*Prompt*.
Only the lines from the line with "this 1092×1092 image." through the end of the records belong in your reply, copied exactly, with every picture left out.

Data excerpts: Begin

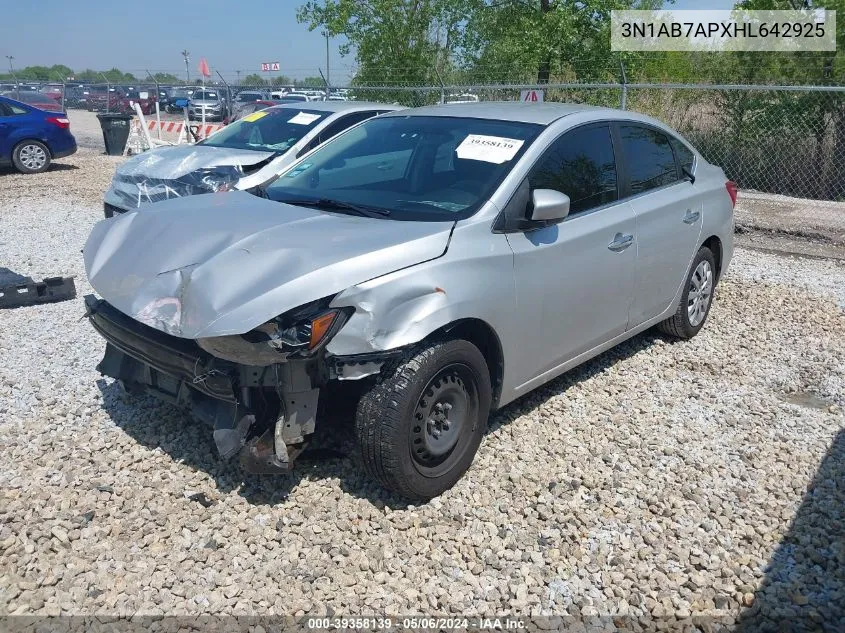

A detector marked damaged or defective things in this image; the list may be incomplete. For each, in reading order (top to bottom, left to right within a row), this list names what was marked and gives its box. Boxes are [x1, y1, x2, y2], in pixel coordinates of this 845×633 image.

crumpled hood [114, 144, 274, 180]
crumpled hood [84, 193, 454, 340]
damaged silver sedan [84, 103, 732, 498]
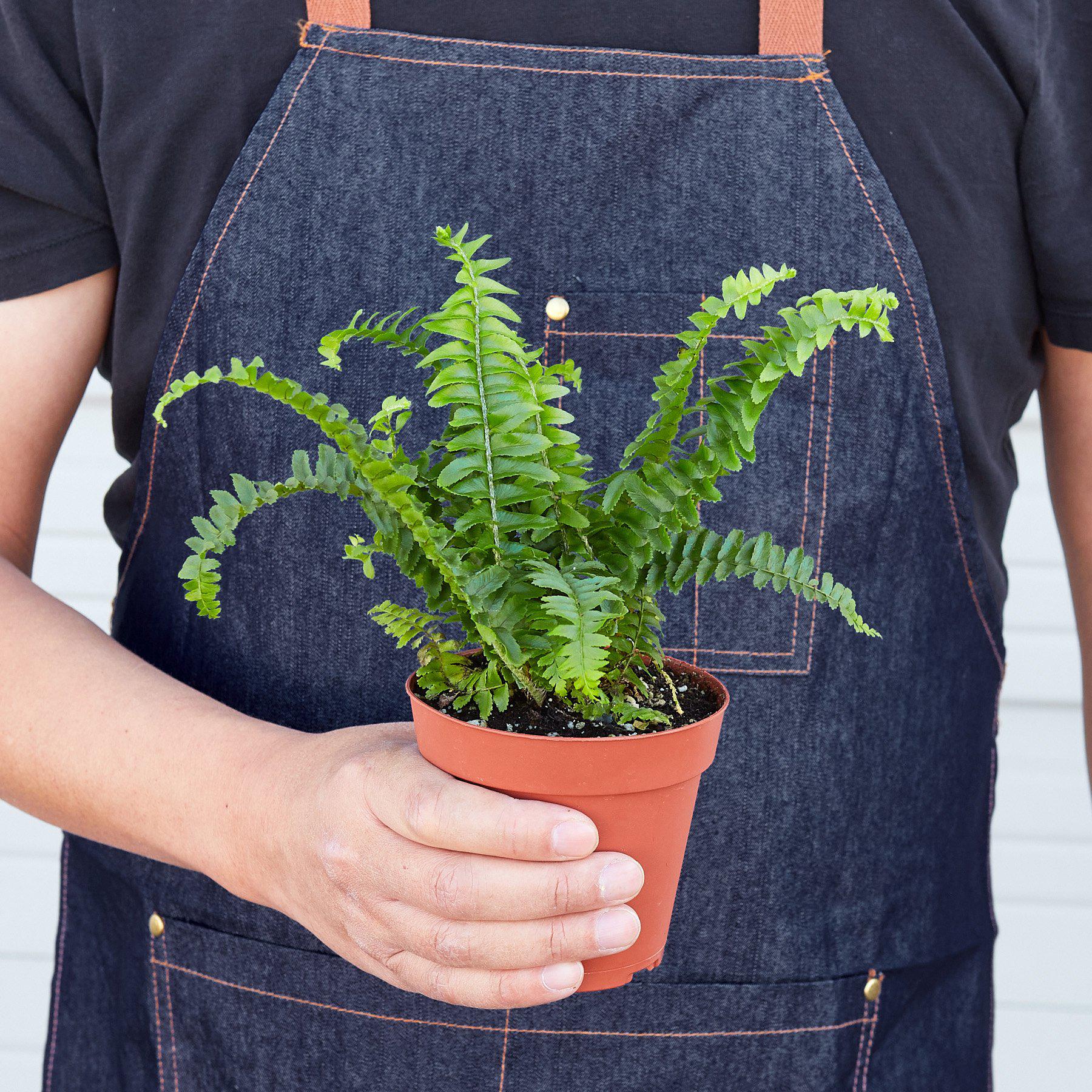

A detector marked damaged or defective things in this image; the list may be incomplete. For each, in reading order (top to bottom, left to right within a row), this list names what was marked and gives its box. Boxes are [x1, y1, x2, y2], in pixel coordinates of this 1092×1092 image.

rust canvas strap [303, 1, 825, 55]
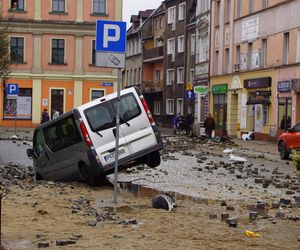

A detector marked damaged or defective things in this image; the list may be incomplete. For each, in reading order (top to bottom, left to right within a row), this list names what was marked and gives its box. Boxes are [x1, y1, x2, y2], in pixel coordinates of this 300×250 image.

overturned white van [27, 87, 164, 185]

Data excerpts: End

*Answer to the exercise*.
A detector marked damaged or defective things in this image; the list may be incomplete. For each, in reading order (top to bottom, left to right within a row), this list names what was marked and gives its box. Boxes are [x1, y1, x2, y2], in pixel coordinates of this 1092×1092 image.

rust canvas strap [303, 1, 825, 55]

A detector marked damaged or defective things in this image; the list may be incomplete. For each, in reading order (top to bottom, left to right within a row), this list names what was marked and gives its box. Boxes are [x1, y1, x2, y2], in pixel coordinates of this 300×250 image.

overturned white van [27, 87, 164, 185]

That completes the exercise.